§ **WORK TO BE COMPLETED**
From the data below, tally each line that has "avec" in it, then give that tally without comment.

Web page caption snippets
________________

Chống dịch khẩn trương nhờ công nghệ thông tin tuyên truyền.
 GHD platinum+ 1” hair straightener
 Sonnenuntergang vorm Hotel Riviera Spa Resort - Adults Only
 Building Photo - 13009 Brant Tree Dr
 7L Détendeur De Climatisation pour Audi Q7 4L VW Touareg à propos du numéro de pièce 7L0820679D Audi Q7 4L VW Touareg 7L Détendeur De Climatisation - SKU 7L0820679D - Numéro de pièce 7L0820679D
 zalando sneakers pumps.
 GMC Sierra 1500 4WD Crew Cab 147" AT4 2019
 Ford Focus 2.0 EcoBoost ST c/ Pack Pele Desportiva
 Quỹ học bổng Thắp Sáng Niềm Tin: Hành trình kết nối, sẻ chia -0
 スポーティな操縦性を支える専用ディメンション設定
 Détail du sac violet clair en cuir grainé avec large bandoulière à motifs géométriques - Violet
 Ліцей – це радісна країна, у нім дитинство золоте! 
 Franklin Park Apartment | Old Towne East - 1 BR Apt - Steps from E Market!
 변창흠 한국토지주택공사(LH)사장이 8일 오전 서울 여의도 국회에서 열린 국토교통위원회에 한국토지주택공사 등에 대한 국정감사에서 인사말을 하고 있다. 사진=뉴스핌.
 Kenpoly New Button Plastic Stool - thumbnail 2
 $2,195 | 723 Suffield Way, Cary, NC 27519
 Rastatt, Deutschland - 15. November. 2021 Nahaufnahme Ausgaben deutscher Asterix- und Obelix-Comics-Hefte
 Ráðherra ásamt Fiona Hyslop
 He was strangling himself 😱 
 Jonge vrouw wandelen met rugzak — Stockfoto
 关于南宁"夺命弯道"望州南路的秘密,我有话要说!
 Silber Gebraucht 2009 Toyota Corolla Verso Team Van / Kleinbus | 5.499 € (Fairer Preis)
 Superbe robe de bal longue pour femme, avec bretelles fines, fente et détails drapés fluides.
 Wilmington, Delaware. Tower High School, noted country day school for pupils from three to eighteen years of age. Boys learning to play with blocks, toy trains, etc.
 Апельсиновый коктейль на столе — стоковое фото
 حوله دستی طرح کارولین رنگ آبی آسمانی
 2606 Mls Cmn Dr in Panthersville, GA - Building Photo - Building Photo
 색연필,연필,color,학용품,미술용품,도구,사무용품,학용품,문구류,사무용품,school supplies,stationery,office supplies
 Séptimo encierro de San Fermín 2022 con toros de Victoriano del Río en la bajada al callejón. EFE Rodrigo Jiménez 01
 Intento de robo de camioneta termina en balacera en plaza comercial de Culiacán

________________

§ **RESPONSE**
2